Start of Block
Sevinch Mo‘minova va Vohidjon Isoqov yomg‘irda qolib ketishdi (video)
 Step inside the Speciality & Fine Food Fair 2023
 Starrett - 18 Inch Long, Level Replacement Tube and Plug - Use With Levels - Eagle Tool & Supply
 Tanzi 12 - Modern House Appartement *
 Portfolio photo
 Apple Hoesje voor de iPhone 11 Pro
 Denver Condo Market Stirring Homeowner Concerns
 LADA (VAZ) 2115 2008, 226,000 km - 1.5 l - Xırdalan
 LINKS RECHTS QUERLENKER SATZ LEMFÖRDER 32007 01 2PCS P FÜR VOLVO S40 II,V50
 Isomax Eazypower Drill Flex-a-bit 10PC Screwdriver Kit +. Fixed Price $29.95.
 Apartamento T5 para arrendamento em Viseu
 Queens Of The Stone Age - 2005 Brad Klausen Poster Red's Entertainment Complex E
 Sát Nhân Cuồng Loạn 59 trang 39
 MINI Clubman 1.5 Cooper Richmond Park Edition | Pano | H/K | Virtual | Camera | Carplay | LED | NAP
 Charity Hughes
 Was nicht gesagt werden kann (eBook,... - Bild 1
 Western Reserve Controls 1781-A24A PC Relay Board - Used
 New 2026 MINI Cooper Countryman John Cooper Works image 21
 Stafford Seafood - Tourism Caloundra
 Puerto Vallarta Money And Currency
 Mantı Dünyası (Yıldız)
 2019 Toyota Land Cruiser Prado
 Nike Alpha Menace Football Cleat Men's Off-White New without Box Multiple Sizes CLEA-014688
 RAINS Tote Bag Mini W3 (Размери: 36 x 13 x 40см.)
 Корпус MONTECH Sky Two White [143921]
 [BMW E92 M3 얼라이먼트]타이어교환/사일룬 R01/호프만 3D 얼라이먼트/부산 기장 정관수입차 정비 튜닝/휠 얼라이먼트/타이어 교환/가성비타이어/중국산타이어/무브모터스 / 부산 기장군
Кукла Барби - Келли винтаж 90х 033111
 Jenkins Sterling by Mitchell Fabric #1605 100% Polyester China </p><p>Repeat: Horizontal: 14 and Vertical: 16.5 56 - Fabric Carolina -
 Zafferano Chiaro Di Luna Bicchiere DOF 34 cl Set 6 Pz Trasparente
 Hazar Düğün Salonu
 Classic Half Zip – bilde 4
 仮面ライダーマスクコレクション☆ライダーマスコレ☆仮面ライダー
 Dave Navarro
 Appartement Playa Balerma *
End of Block
▶ _Required work_: Could you write out, exactly as given, the lines from the one holding "Puerto Vallarta Money And Currency" through the end of the listing, and nothing else?

▶ _Answer to this problem_:
 Puerto Vallarta Money And Currency
 Mantı Dünyası (Yıldız)
 2019 Toyota Land Cruiser Prado
 Nike Alpha Menace Football Cleat Men's Off-White New without Box Multiple Sizes CLEA-014688
 RAINS Tote Bag Mini W3 (Размери: 36 x 13 x 40см.)
 Корпус MONTECH Sky Two White [143921]
 [BMW E92 M3 얼라이먼트]타이어교환/사일룬 R01/호프만 3D 얼라이먼트/부산 기장 정관수입차 정비 튜닝/휠 얼라이먼트/타이어 교환/가성비타이어/중국산타이어/무브모터스 / 부산 기장군
Кукла Барби - Келли винтаж 90х 033111
 Jenkins Sterling by Mitchell Fabric #1605 100% Polyester China </p><p>Repeat: Horizontal: 14 and Vertical: 16.5 56 - Fabric Carolina -
 Zafferano Chiaro Di Luna Bicchiere DOF 34 cl Set 6 Pz Trasparente
 Hazar Düğün Salonu
 Classic Half Zip – bilde 4
 仮面ライダーマスクコレクション☆ライダーマスコレ☆仮面ライダー
 Dave Navarro
 Appartement Playa Balerma *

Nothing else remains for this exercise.